# ABOUT THIS EXERCISE:
Could you set down exactly the lines in the records below between the line holding "Пуховик Mama с капюшоном H&M, коричневый" and the line holding "For Motorola Moto", inclusive?

# DATASET RECORDS:
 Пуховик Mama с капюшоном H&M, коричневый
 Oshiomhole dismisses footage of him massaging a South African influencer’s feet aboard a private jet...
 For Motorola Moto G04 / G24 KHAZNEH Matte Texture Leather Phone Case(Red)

--

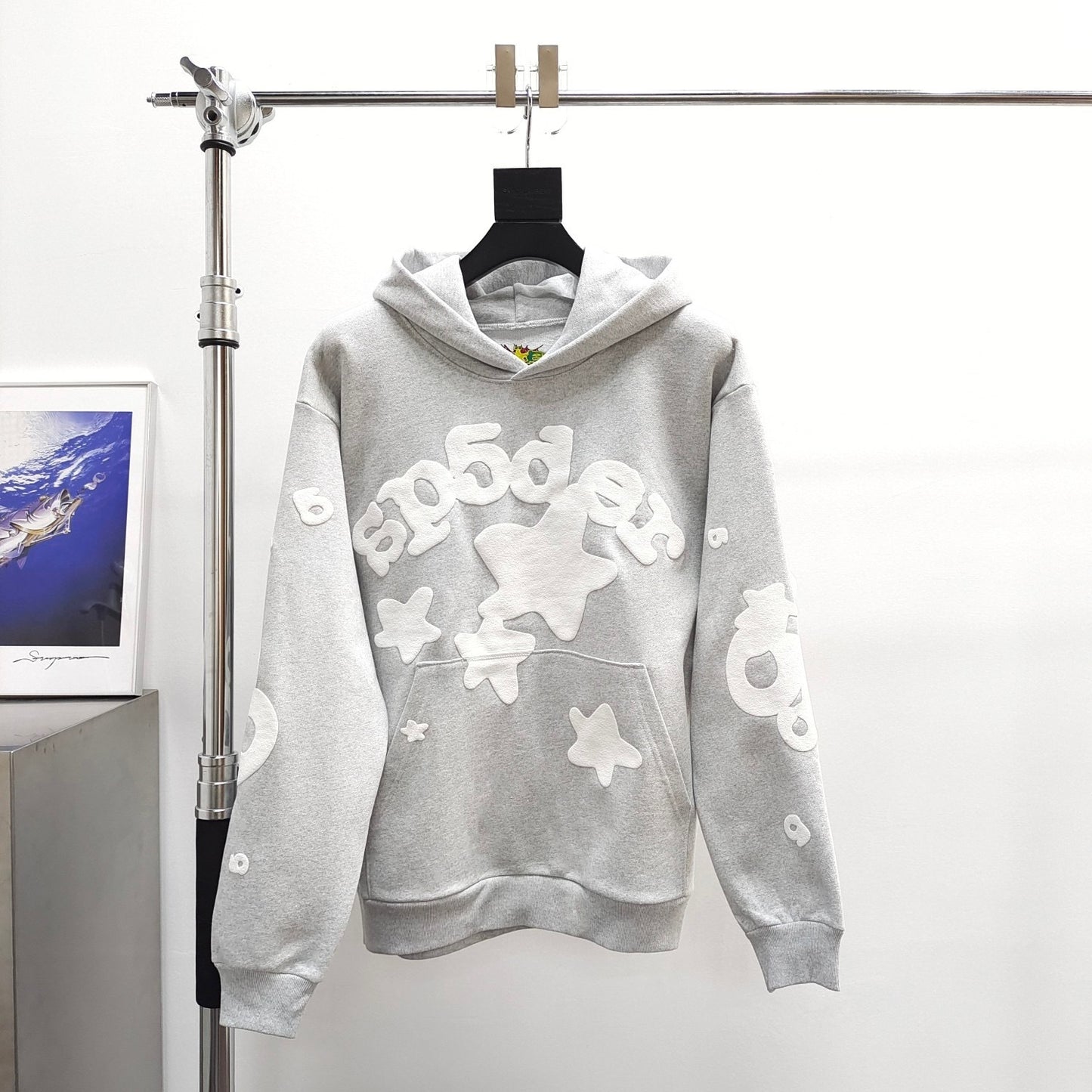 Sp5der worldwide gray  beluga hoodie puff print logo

# RESULT OF THE TASK:
 Пуховик Mama с капюшоном H&M, коричневый
 Oshiomhole dismisses footage of him massaging a South African influencer’s feet aboard a private jet...
 For Motorola Moto G04 / G24 KHAZNEH Matte Texture Leather Phone Case(Red)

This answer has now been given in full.